233:異端者の視点
病院全体を揺るがす爆発音が廊下を一直線に駆け抜ける。
同時に、白い蒸気のような靄が爆風と共に吹き抜けて、衝撃波によって滅茶苦茶になったその中に、一つの人影が転がるようにして現れ、すぐさま飛び起きて走り出す。
(く、そ――、やってくれる……!!)
あちこち痛みを訴える体に、反射的に心中で悪態を叫ぶ。
シールドを展開し、体重が軽くなっていたことで爆風に逆らわずに吹き飛ばされていたから大きなダメージまでは負わずに済んだが、今の竜昇は体の各所を打ち付けて酷い状態だった。
骨まで折れて行動不能の負傷までしていなかったのが唯一の幸いと言うべきか。
初めは若干ふらつきながら、それでもどうにか走る中でバランス感覚を取り戻して、竜昇は痛みに呻きながらもどうにか真っ直ぐ目的の方向へと走り出す。
電撃を放つその瞬間、竜昇に襲い掛かったのは、相対するオルドが自身の周囲の水分を一気に蒸発させたことによる水蒸気爆発の如き破壊力の炸裂だった。
あるいはそれは、竜昇自身が放った極大の電撃や、それによる水の電気分解などの現象が同時に起こったことも関係していたのかもしれないが、流石に竜昇もにわか知識程度でしか知らない現象のどれがどう関与していたのかなど流石に推察しきれない。
なんにせよ、攻撃の瞬間、竜昇自身もまた想定以上の爆発に巻き込まれ、そんな状況下からどうにか脱出して、今竜昇は命からがら、味方を残してきたあの面会エリアまで走り続けていた。
(もしかしたら、もう少しこの場に残って足止めを続けるべきなのかもしれないが……)
踏みしめた足で足跡地雷を、振るう杖から黒雲の煙幕をあたりにまき散らしながら、竜昇は内心密かに、自身の立ち回りについてそう思う。
先の爆発でダメージを受けたのは相手も同じ、それどころか、竜昇の電撃すらも受けたはずのオルドの方が恐らくはダメージは大きいはずだが、しかしそれでも竜昇はあの男が追ってこないとは到底思えない。
それどころか、直前に垣間見たあのオルドと言う男の火災と言うモノへの理解の深さ、そのオルドが攻撃を受ける直前にあの爆発を起こしていたことなどを考えると、ある程度結果を計算尽くであの爆発を起こしていた可能性も考えられるのだ。
単ににわか知識しか持たない竜昇が、それなりに知識を持っているらしきオルドを過大評価しているという可能性もないわけではないが、足止めのために残している仕掛けの数々がすでにオルドにとって既知のものであることも考慮すると、あの敵が追って来るまでの時間はそう多くないと見た方がいい。
そう思いながら、それでも竜昇がこの場で足を止められないその理由は、自身が向かうその先、そこで戦っているだろう静達の方にも懸念事項があるからだ。
別に竜昇自身、決して静達の実力を信用していない訳ではないのだが。
どうにもあの場にいた二人については、その静達の存在をもってしてもなお安心できない、そんな予感めいた感覚がずっとつきまとっていた。
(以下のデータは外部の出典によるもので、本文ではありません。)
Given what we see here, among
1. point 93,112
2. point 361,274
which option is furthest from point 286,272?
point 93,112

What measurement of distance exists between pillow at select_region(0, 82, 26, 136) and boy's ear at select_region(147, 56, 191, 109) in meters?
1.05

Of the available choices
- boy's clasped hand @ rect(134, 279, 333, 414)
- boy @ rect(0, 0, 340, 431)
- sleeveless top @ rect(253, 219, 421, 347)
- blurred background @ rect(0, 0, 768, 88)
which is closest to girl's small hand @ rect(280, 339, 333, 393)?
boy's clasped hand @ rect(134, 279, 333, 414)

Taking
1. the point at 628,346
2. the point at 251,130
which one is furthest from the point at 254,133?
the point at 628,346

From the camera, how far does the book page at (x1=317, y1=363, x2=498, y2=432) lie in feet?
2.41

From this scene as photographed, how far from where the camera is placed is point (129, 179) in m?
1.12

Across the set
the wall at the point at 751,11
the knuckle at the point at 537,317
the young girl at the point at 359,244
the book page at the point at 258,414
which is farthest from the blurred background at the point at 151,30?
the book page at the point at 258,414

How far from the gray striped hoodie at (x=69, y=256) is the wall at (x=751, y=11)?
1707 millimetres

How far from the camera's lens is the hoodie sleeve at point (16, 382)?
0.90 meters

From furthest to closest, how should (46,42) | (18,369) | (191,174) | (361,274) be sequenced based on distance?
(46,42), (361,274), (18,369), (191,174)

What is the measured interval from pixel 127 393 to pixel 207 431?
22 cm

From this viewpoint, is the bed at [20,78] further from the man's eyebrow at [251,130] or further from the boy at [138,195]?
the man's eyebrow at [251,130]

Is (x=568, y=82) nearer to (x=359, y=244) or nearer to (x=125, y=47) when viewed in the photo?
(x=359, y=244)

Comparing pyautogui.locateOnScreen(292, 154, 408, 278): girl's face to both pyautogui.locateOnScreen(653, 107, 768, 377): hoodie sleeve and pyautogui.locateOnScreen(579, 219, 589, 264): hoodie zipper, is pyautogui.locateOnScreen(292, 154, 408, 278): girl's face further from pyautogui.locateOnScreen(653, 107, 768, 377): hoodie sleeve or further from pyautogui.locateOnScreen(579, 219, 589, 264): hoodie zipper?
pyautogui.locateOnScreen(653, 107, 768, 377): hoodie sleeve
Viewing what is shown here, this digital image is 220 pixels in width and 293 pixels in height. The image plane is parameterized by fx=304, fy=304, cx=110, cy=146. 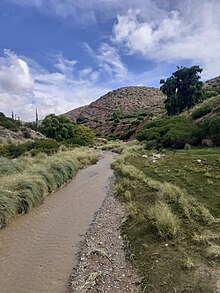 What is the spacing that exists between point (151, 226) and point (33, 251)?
4.01 metres

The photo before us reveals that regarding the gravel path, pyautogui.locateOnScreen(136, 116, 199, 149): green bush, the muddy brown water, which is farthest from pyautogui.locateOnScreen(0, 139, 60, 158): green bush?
the gravel path

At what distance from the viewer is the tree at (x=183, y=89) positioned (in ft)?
212

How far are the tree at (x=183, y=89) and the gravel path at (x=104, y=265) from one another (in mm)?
56749

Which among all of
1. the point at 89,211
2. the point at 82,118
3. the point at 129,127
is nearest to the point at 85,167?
the point at 89,211

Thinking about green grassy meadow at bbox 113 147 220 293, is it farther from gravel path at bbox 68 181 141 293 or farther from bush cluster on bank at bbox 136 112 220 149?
bush cluster on bank at bbox 136 112 220 149

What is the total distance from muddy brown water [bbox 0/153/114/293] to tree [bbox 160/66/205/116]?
171 feet

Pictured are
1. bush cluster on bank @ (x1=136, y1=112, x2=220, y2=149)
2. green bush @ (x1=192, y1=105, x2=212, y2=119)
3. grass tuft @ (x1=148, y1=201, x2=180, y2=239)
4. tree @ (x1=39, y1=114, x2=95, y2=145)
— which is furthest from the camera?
tree @ (x1=39, y1=114, x2=95, y2=145)

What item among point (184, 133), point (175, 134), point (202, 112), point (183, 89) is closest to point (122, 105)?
point (183, 89)

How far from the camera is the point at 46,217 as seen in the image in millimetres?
13742

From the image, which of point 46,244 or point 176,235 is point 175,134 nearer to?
point 176,235

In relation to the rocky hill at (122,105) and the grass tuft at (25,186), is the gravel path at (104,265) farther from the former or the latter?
the rocky hill at (122,105)

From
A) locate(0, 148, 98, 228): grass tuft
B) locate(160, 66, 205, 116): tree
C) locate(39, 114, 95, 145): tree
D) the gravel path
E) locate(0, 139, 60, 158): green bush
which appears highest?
locate(160, 66, 205, 116): tree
そんな漠然とした根拠の元、竜昇が体重を軽減し、足止めの工作をばら撒きながら廊下を走り続けて、いよいよ先ほどセインズ達に遭遇した場所、その近くにまでその足を踏み入れて。
(――ッ、やっぱりか――!!)
次の瞬間、自身の予感が当たっていたことを剣戟の音で察して、竜昇は迷うことなく杖を構えてその先の空間へと走り込む。
飛び込んだその先、剣を交える静を容易に退けたその人影の姿を視界にとらえて選ぶのは、自身が習得する魔法の中でも間違いなく最速と言える攻撃。
「【雷撃】――!!」
状況を目にした次の瞬間、間髪入れずに放たれたその攻撃を、しかし当のセインズはと言えばどこか面白そうな様子で受け止めていた。
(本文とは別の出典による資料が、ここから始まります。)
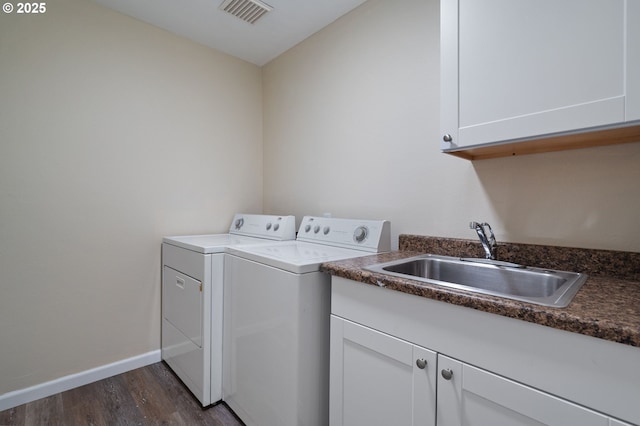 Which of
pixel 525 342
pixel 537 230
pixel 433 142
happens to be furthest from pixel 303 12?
pixel 525 342

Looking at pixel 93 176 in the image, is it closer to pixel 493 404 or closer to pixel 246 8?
pixel 246 8

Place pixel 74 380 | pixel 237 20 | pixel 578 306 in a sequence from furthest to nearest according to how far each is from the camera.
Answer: pixel 237 20
pixel 74 380
pixel 578 306

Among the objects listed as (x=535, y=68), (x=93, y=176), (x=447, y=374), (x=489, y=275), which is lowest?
(x=447, y=374)

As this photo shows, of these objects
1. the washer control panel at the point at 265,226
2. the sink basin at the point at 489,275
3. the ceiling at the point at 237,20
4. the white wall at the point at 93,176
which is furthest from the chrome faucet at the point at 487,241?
the white wall at the point at 93,176

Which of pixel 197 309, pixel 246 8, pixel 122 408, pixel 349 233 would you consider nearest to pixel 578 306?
pixel 349 233

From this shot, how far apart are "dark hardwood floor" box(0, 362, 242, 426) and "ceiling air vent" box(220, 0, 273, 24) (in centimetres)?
237

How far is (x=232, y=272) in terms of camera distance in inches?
62.1

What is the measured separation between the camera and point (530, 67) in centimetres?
95

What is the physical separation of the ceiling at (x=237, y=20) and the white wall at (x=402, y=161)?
0.10 metres

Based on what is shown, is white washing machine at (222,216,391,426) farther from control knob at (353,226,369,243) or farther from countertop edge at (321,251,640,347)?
countertop edge at (321,251,640,347)

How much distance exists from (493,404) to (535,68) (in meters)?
1.00

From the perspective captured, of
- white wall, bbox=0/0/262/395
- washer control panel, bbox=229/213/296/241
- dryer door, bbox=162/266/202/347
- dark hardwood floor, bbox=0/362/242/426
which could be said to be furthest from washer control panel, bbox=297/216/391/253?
dark hardwood floor, bbox=0/362/242/426

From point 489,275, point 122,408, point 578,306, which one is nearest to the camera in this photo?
point 578,306

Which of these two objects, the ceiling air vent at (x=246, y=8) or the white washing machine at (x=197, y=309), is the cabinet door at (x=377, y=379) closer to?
the white washing machine at (x=197, y=309) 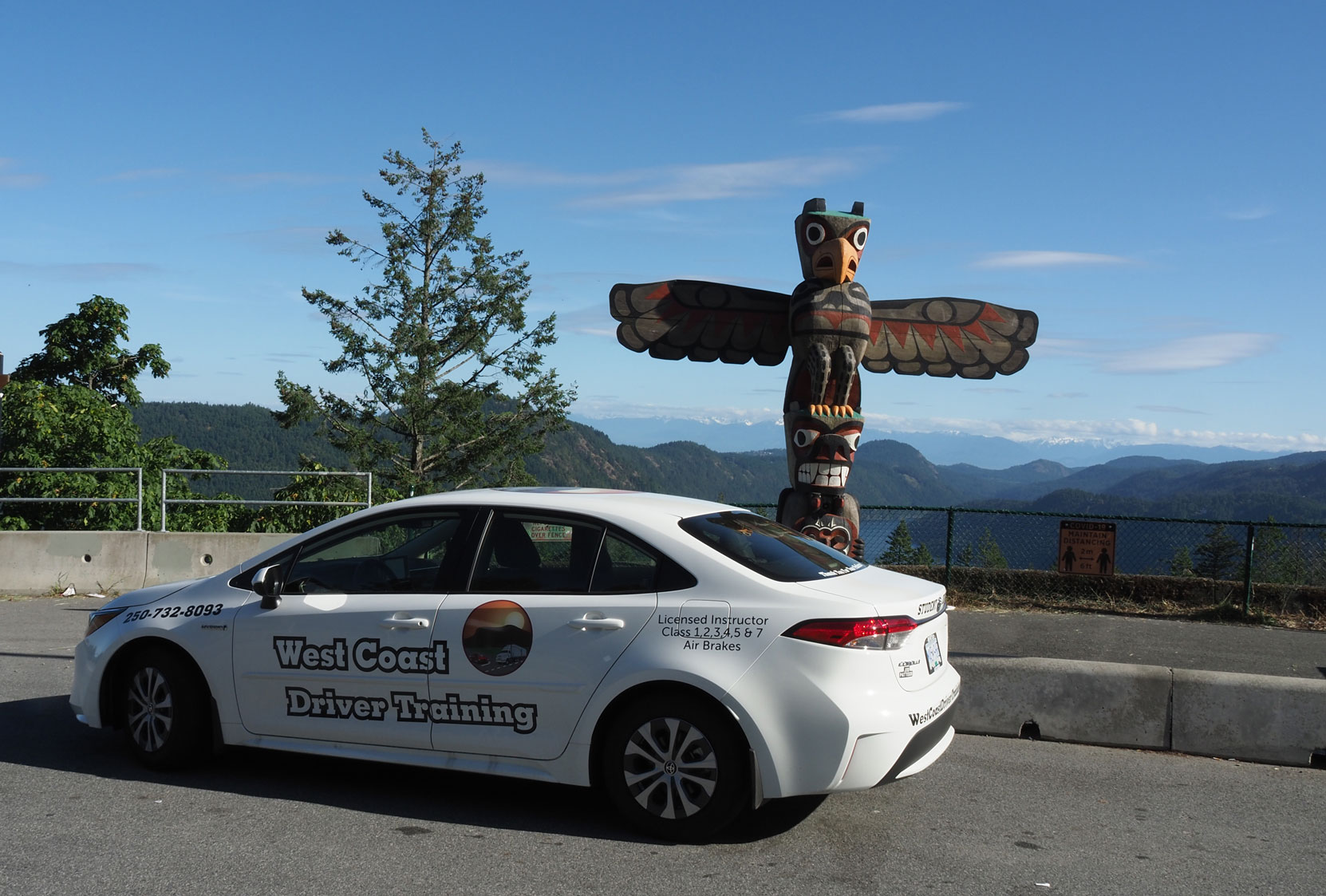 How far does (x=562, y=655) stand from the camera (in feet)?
16.1

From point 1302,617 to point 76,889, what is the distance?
44.3 ft

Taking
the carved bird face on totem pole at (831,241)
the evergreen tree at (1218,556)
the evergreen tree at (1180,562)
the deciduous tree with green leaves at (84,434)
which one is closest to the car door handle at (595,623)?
the carved bird face on totem pole at (831,241)

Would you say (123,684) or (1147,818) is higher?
(123,684)

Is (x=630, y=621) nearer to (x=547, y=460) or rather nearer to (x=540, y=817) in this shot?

自身に向けて突きつけられる杖、その先端から放たれる電撃に、しかしセインズはたった一言呟いて、輝く魔力をその身から放つことで対処する。
『――『回れ』』
言葉を口にした次の瞬間迫る電撃がまるで渦に巻き込まれるかのようにセインズの周りを一周し、彼の体に触れることなく、言葉の通りに彼の周囲で渦を巻く。
『――『奔れ』』
続く一言、まばゆく輝く魔力と共にそう言い放って、それによって少年を襲うはずだった電撃が、今度は逆に竜昇に対して襲い掛かる。
「ぐ――!!」
逃れる間もなく、奔った電撃が竜昇の体に直撃し、しかしこちらもその身にダメージを与えることなく竜昇の体の周りに衣服のようにまとわりついた。
(――こいつ、こっちの魔法を撃ち返して――)
オルドとの戦いの中で全ての電力を使い切っていようとも、竜昇が身に纏う【電導師】の魔力は健在だ。
電力を制御化に置き、ため込み、雷の衣とするこの魔法は、実体としては電力を操る魔力の力場であるが故に、電力そのものは使い切っても不可視の状態で竜昇の身を守り続けている。
今回の場合、その特性があったが故に電撃を撃ち返されても竜昇もノーダメージでいられたわけだが、逆に言えばそれが無ければ今の攻撃だけで、竜昇は自身の攻撃をまともに喰らう形で返り討ちにされていた。
そんな状況、垣間見た敵の能力の一端に竜昇が瞠目するそんな中で、すでにその能力を把握していた静が竜昇に向かって得ていた情報を投げつける。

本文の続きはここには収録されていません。